EXERCISE. Copy all records exactly, excluding images.

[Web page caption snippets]
----
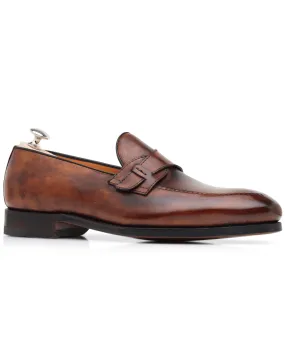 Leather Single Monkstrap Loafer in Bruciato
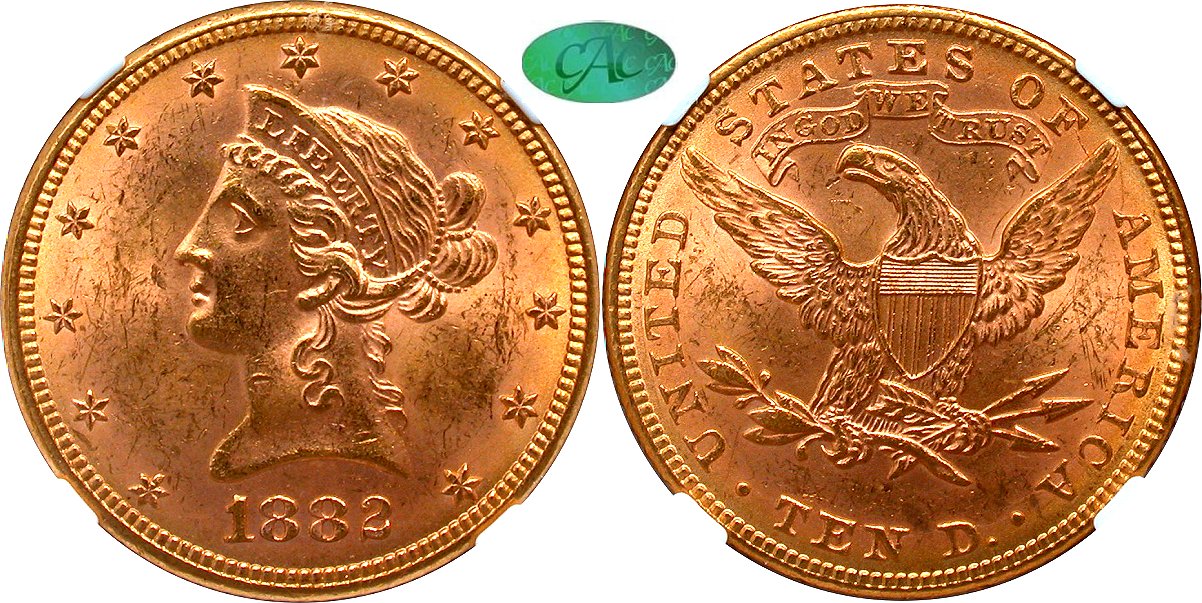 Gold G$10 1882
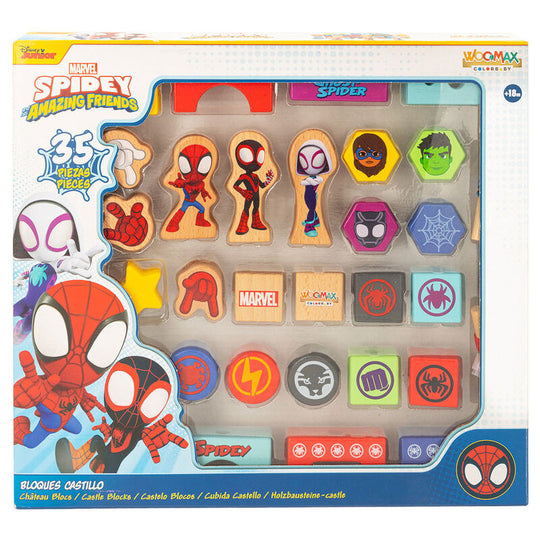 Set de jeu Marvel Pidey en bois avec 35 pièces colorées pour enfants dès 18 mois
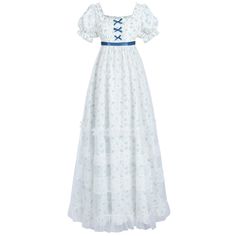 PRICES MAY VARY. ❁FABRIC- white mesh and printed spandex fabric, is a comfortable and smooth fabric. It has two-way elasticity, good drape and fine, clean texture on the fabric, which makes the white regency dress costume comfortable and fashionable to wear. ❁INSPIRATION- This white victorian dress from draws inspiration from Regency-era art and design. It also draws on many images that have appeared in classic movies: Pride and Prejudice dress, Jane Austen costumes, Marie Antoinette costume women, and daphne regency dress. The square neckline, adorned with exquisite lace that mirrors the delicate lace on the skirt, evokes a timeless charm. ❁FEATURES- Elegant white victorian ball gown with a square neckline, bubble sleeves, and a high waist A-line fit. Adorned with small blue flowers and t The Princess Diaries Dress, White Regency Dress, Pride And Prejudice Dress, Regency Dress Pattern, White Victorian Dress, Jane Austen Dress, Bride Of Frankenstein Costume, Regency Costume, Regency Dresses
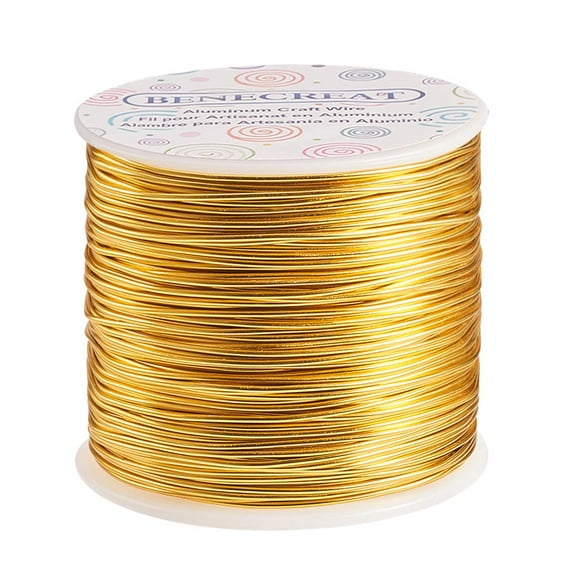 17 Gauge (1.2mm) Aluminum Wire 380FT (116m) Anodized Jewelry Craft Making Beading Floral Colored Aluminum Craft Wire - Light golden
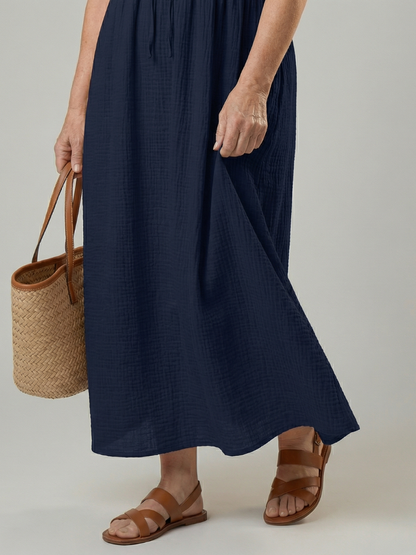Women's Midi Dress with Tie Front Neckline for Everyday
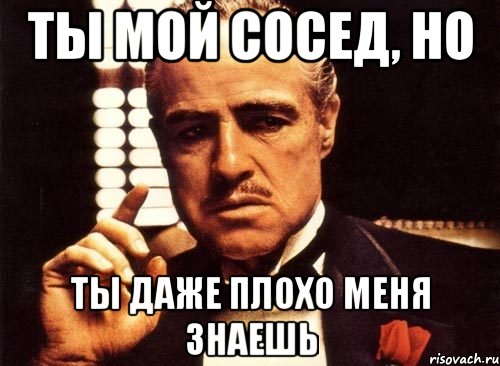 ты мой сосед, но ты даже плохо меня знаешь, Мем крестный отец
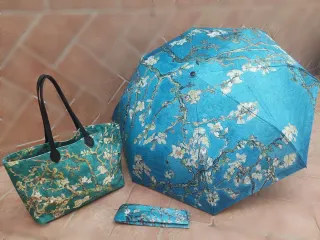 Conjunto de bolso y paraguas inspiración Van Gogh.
----
ANSWER BOX.
 Leather Single Monkstrap Loafer in Bruciato
 Gold G$10 1882
 Set de jeu Marvel Pidey en bois avec 35 pièces colorées pour enfants dès 18 mois
 PRICES MAY VARY. ❁FABRIC- white mesh and printed spandex fabric, is a comfortable and smooth fabric. It has two-way elasticity, good drape and fine, clean texture on the fabric, which makes the white regency dress costume comfortable and fashionable to wear. ❁INSPIRATION- This white victorian dress from draws inspiration from Regency-era art and design. It also draws on many images that have appeared in classic movies: Pride and Prejudice dress, Jane Austen costumes, Marie Antoinette costume women, and daphne regency dress. The square neckline, adorned with exquisite lace that mirrors the delicate lace on the skirt, evokes a timeless charm. ❁FEATURES- Elegant white victorian ball gown with a square neckline, bubble sleeves, and a high waist A-line fit. Adorned with small blue flowers and t The Princess Diaries Dress, White Regency Dress, Pride And Prejudice Dress, Regency Dress Pattern, White Victorian Dress, Jane Austen Dress, Bride Of Frankenstein Costume, Regency Costume, Regency Dresses
 17 Gauge (1.2mm) Aluminum Wire 380FT (116m) Anodized Jewelry Craft Making Beading Floral Colored Aluminum Craft Wire - Light golden
Women's Midi Dress with Tie Front Neckline for Everyday
 ты мой сосед, но ты даже плохо меня знаешь, Мем крестный отец
 Conjunto de bolso y paraguas inspiración Van Gogh.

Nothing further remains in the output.